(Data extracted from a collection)
__________

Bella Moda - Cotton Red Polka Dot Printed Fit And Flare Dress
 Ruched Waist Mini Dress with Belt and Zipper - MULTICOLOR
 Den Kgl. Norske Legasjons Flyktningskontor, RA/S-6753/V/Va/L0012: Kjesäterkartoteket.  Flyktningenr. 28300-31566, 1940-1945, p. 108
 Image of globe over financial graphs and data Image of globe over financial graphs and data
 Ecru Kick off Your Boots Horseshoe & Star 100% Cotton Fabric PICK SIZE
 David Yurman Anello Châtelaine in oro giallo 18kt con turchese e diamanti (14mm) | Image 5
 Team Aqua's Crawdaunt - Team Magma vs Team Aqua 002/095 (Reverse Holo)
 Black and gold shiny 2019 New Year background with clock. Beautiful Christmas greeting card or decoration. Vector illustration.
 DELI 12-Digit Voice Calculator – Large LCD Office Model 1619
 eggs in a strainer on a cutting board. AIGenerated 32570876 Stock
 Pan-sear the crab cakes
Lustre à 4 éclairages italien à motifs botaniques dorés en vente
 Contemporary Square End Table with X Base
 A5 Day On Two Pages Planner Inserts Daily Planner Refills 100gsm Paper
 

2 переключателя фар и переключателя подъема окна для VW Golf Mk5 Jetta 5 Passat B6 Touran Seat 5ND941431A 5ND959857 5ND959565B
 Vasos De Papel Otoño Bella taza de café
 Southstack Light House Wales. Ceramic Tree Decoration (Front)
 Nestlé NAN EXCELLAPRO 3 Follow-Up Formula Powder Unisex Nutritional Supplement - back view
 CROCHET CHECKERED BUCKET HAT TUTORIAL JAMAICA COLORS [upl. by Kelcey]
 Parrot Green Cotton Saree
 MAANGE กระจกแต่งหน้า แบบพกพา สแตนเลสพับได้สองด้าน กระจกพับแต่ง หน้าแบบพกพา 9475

__________

**Work to be completed**:
Print the lines above from the one with "A5 Day On Two" through the one with "Parrot Green Cotton Saree", both included, exactly as written and nothing more.

**Response box**:
 A5 Day On Two Pages Planner Inserts Daily Planner Refills 100gsm Paper
 

2 переключателя фар и переключателя подъема окна для VW Golf Mk5 Jetta 5 Passat B6 Touran Seat 5ND941431A 5ND959857 5ND959565B
 Vasos De Papel Otoño Bella taza de café
 Southstack Light House Wales. Ceramic Tree Decoration (Front)
 Nestlé NAN EXCELLAPRO 3 Follow-Up Formula Powder Unisex Nutritional Supplement - back view
 CROCHET CHECKERED BUCKET HAT TUTORIAL JAMAICA COLORS [upl. by Kelcey]
 Parrot Green Cotton Saree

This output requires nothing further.